Do zabójstwa doszło w lutym 2007 roku w Wąchocku (Świętokrzyskie). Chłopak i dziewczyna, którzy mieli wówczas po 17 lat oraz ich 16-letni kolega wtargnęli do domu staruszki w celach rabunkowych. Przewrócili kobietę, dziewczyna próbowała jej wstrzyknąć denaturat, a potem ze swoim rówieśnikiem biła ofiarę metalową szyną po głowie. Gdy staruszka straciła przytomność, napastnicy przeszukali mieszkanie i zrabowali dwa złote, butelkę koniaku oraz srebrny pierścionek.
Według biegłego, obrażenia zadane kobiecie wskazują na to, że mogła żyć, gdyby szybko udzielono jej pomocy.

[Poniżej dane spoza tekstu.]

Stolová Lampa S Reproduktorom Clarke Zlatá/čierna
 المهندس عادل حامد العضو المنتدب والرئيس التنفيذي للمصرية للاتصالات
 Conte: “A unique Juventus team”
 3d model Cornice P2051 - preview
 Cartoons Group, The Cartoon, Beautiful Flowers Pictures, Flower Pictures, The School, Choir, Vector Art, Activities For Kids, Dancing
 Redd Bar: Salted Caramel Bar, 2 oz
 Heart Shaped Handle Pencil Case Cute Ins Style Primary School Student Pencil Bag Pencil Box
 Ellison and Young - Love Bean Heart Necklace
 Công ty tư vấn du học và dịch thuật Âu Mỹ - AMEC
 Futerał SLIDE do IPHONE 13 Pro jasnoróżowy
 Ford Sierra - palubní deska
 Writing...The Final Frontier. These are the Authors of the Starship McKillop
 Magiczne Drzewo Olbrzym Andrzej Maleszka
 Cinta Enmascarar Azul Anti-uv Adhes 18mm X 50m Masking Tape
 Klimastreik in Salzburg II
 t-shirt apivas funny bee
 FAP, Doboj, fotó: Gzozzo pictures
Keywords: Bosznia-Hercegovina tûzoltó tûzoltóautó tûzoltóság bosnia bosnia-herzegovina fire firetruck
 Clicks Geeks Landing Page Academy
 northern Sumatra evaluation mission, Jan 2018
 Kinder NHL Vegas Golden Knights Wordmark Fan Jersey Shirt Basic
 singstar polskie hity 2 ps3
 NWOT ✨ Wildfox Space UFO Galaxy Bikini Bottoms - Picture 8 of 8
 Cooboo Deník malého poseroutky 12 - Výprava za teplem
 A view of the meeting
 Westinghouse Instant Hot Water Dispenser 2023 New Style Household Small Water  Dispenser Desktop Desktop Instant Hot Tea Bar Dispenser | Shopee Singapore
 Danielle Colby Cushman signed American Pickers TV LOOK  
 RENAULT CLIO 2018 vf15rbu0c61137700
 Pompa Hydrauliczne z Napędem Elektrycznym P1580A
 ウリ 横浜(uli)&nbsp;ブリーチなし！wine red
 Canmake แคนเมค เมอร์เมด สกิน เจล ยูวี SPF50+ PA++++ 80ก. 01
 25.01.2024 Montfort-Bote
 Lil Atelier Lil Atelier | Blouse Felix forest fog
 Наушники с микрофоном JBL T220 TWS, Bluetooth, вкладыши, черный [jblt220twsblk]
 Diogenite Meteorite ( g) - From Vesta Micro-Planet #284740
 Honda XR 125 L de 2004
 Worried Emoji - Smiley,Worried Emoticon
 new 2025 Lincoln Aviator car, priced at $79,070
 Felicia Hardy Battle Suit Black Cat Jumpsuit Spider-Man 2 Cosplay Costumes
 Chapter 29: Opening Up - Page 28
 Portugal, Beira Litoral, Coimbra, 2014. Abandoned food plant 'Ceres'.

Najmłodszemu z oskarżonych, ze względu na wiek, sąd nie wymierzył kary z Kodeksu karnego, ale umieścił go w zakładzie poprawczym.
W uzasadnieniu wyroku przewodniczący składu orzekającego Paweł Anczykowski powiedział, że rola chłopaka w zdarzeniu była najmniejsza - podporządkował się starszym kolegom.
Wobec starszych oskarżonych sąd zastosował instytucję nadzwyczajnego złagodzenia kary, uwzględniając okoliczności łagodzące: młody wiek, niekaralność i "pozytywne sylwetki społeczne".
Według Anczykowskiego, oskarżeni w miarę dobrze uczyli się w liceum i technikum, odznaczają się inteligencją powyżej przeciętnej, nie pochodzą z "nizin społecznych", nie byli pod wpływem narkotyków czy alkoholu. Jego zdaniem, nie są to osoby, jakie zwykle się w takich sprawach spotyka. Na korzyść wszystkich oskarżonych sąd uwzględnił również to, że od razu się przyznali.
Córka zamordowanej kobiety nie była usatysfakcjonowana wyrokiem. Jej zdaniem, oskarżeni są zdemoralizowani.